How about you? Did you do any of the above? Or catch Encore Vocal Arts? Spend time with $3 Bill comedy? Hang out with "The Ladies Man" at the IRT?

How did you spend your weekend?
  • Pirates of Penzance by Indianapolis Opera (Friday) was delightful. The Ladies' Man at IRT (Sunday) was a fast-paced howler of farce. Carmina Burana by Encore Vocal arts (Saturday), though was unforgettable. Chris Ludwa is a gifted conductor with a talent for inspired programming. Here, he married a fine chamber choir with four percussionists, tympani and duo pianists for a vigorous reading of Karl Orff's popular masterwork.

    What transformed this Carmina Burana was the added element of gymnasts using the floor, a trapeze/ring apparatus and two pairs of streamers suspended from somewhere hidden in the stage rigging. Their aerial dancing added visually, physically to the sung story. For me--and, evidently, for the large, enthusiastic audience in Shortridge's Caleb Mills Auditorium--it all added up to more than the sum of the parts.

    Next up for Encore Vocal Arts: May 2 and 3, a program of the singers' favorites--likely to be ours, as well.
    (Formerly a choir dad--now just a fan)
  • I heard Megan McKinney interviewing someone from the Encore Vocal Arts show about the music and the aerial gymnasts on her radio show on the Fine Arts Society channel (88.7 FM/HD) this past weekend. I was sorry I couldn't go to the show. I'm glad it was good. Thanks, Dan, for writing about it!

    I listened to 88.7 a lot last week on my way to and from theatres. A week ago Sunday when we were at the IRT, my friend Adrienne introduced me to someone named Meridith.
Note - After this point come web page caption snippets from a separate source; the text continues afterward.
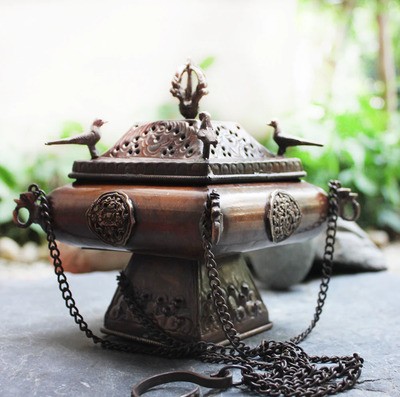 bruleur d'encens tibetain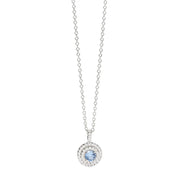 Mabina Girocollo argento con acquamarina sintetica e zirconi 553844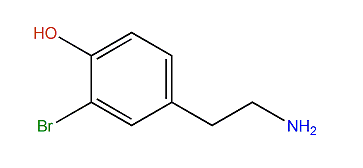2-(3-Bromo-4-hydroxyphenyl)-ethylamine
Adrienne had been in a show with his wife. He is an announcer for 88.7.

    So far, I haven't heard Meredith, but I have enjoyed every FAS show I've tuned into. Such a wide variety of music! My new favorite song is one I heard on Friday night, I think it was. It is a folksy song whose chorus includes, Do you color outside of the lines? I scribbled down the artist's name at a stoplight: Bucky Hawker.

    This weekend I saw and judged two Encore Association community theatre shows. I also saw West Side Story at the Indianapolis Civic Theatre. I will write about it on my own blog soon, so I'll just say here that it was a very satisfying production - somehow both fresh and reliable, if that makes sense. The first weekend was almost sold out, so I encourage people to make reservations right away if they are thinking of going.

    I also laughed and cried while reading a wonderful novel called FLIP, by Wendylyn Van Draanen (Knopf 2001.) It was written for middle schoolers, but if you have ever been 13 years old yourself, I bet you would enjoy it. It is told from two points of view: a boy and a girl who live across from each other.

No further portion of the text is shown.